[DATA — start]
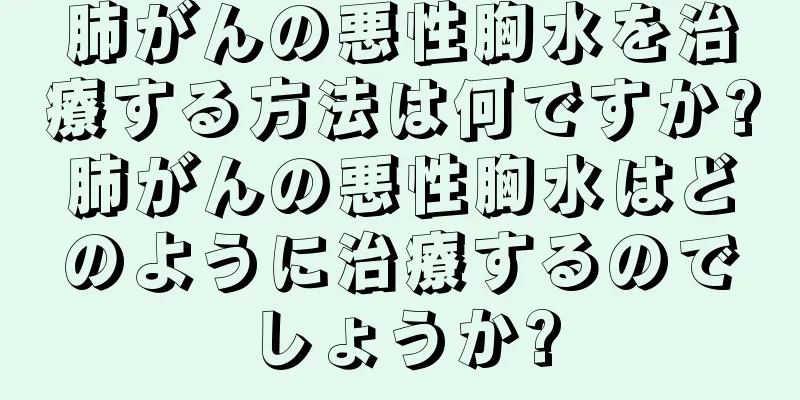 肺がんの悪性胸水を治療する方法は何ですか?肺がんの悪性胸水はどのように治療するのでしょうか?
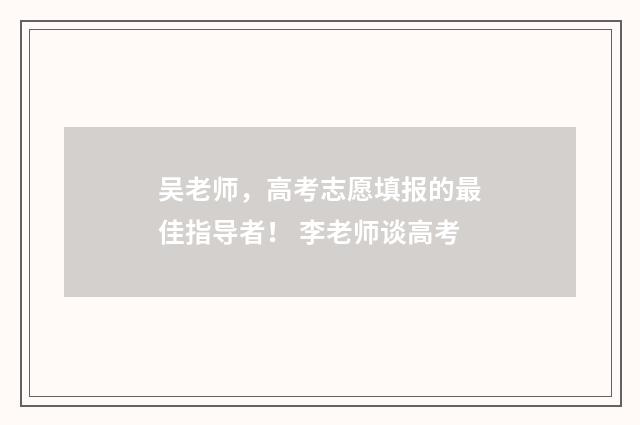 吴老师，高考志愿填报的最佳指导者！ 李老师谈高考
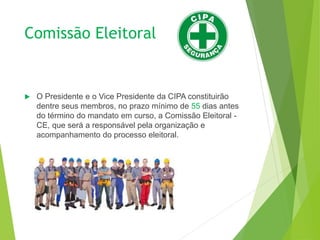 Comissão Eleitoral
 O Presidente e o Vice Presidente da CIPA constituirão
dentre seus membros, no prazo mínimo de 55 dias antes
do término do mandato em curso, a Comissão Eleitoral -
CE, que será a responsável pela organização e
acompanhamento do processo eleitoral.
 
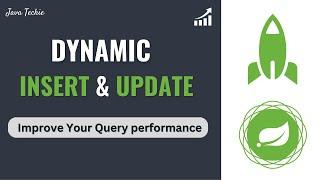 Spring Boot | Dynamic Inserts & Updates With Spring Data JPA | JavaTechie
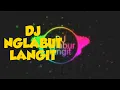 Download Lagu Dj ngelabur langit new version super slow full bass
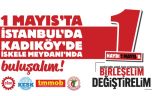 DİSK, KESK, TMMOB ve TTB: 1 Mayıs’ta Kadıköy’deyiz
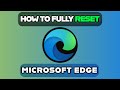 How to Fully Reset Microsoft Edge & Fix All Errors Boost Speed & Performance!
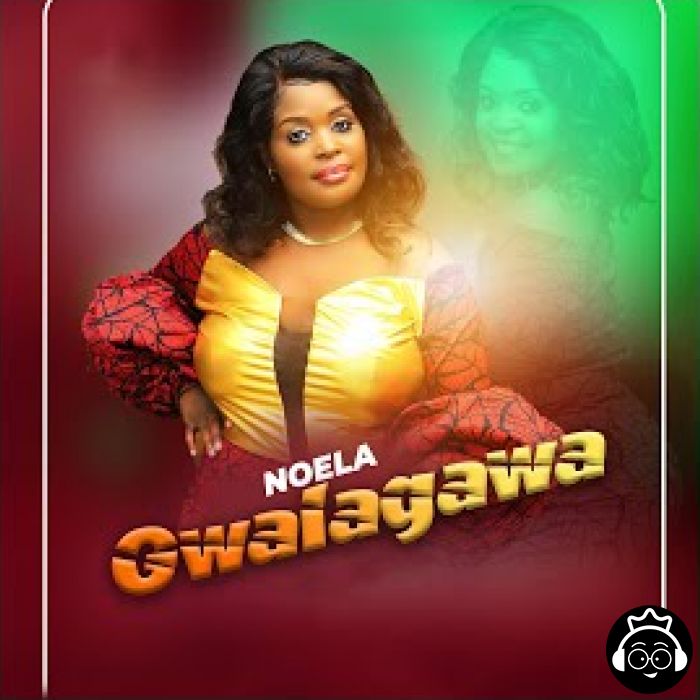 Gwalagawa by Noela Music UG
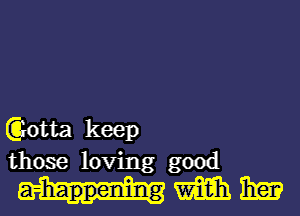 (Gotta keep

those loving good
a-h'lappenling W931 326E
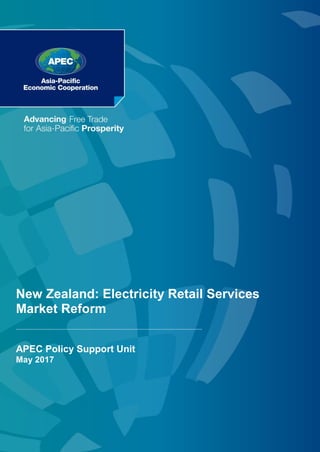 New Zealand: Electricity Retail Services
Market Reform
APEC Policy Support Unit
May 2017
 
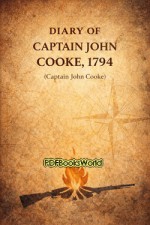 Diary of Captain John Cooke, 1794 Diary of Captain John Cooke, 1794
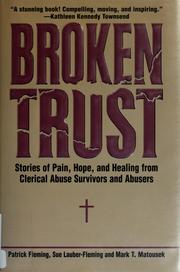 Cover of: Broken trust: stories of pain, hope, and healing from clerical abuse survivors and abusers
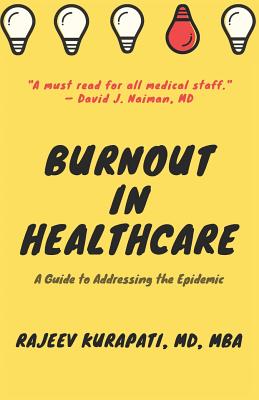 Burnout in Healthcare: A Guide to Addressing the Epidemic - Kurapati, Rajeev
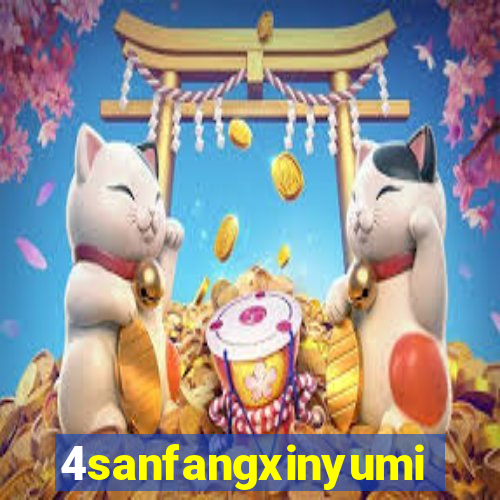 4sanfangxinyuming.com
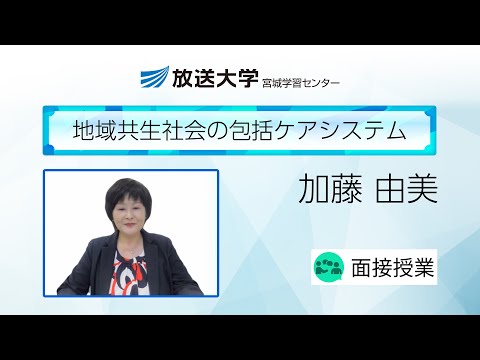 地域共生社会の包括ケアシステム（宮城学習センター）／加藤　由美（東北文化学園大学経営法学部教授／放送大学宮城学習センター客員教授）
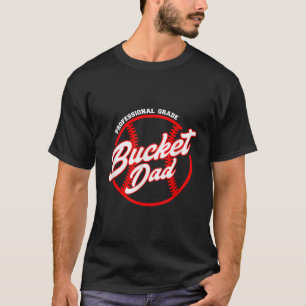 Mens Bucket Dad Baseball Softball Pitcher Catcher T-Shirt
[DATA — finish]
▶ WHAT YOU WILL DO: Excluding the pictures, restate word for word the lines from the one that holds "APEC Policy Support Unit" through the last line of the entries, both ends included.

▶ TASK RESPONSE:
APEC Policy Support Unit
May 2017
 
 Diary of Captain John Cooke, 1794 Diary of Captain John Cooke, 1794
 Cover of: Broken trust: stories of pain, hope, and healing from clerical abuse survivors and abusers
 Burnout in Healthcare: A Guide to Addressing the Epidemic - Kurapati, Rajeev
 4sanfangxinyuming.com
 地域共生社会の包括ケアシステム（宮城学習センター）／加藤　由美（東北文化学園大学経営法学部教授／放送大学宮城学習センター客員教授）
 Mens Bucket Dad Baseball Softball Pitcher Catcher T-Shirt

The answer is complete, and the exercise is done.